Este concerto segue depois para Portugal, com uma apresentação no dia 19 de fevereiro no Centro de Congressos da Madeira, no Funchal, a 7 de maio no Picadeiro Real, em Lisboa, e a 25 de junho no Grande Auditório do Convento São Francisco, em Coimbra.

Há cerca de 25 anos que Bruno Belthoise promove a música portuguesa em França, após uma “história pessoal” com o país, já que, apesar de não ter raízes portuguesas, desde muito cedo conviveu com portugueses em Paris, o que o levou a Lisboa muito novo, tendo voltado depois de concluir os seus estudos superiores musicais.

Fiquei estupefacto com a riqueza da música e cultura portuguesa e fiquei muito impressionado com a qualidade dos compositores portugueses, que ainda nem estavam editados“, explicou o pianista, que desde os anos 1990 leva a cabo investigação no âmbito dos compositores portugueses de forma a gravar partituras que até agora não tinham sido editadas em disco.

Bruno Belthoise considera que há vários fatores que têm contribuído para o desconhecimento da música clássica portuguesa em França.”É muito difícil um músico francês citar o nome de um compositor português e, no entanto, estamos na Europa de 2022. Isso não tem só a ver com a falta de curiosidade dos franceses, mas também com a história de Portugal, a problemática ao nível da edição, o facto de as gravações nacionais não terem saído do país, logo, a imprensa internacional nunca sequer se deu conta que esta música existia“, enumerou.

Nos últimos anos, Bruno Belthoise tem-se dedicado à edição de partituras de música portuguesa destinadas aos professores, com 2022 a ter como tema os fados para piano. Esta temporada, segundo o pianista, pode ser o momento definitivo para a descoberta da música portuguesa em França. “Gostava que, um dia, a Radio France programasse uma sinfonia de Joly Braga Santos ou a sinfonia “A Pátria”, de José Vianna da Motta. Há muito repertório. O seguimento mais interessante desta temporada seria de despertar o interesse numa certa falange francesa”, concluiu.

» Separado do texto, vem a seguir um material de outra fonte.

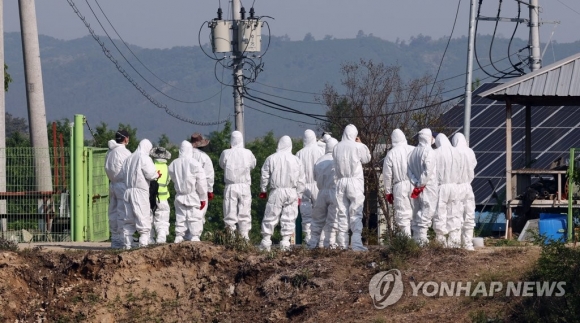 경북도, 구제역 발생 청주농가 방문 사료차 드나든 구미농장 이동 제한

O pianista vai ainda ter outras iniciativas nesta Temporada Cruzada, como concertos dedicados ao conto “Kô & Kô, os dois esquimós”, da autoria de Pierre Gueguen e ilustrações de Maria Helena Vieira da Silva, reeditado pelas edições Chandeigne em 2019, e o recital “La Musique Portugaise pour le piano” que vai apresentar em diversas cidades francesas.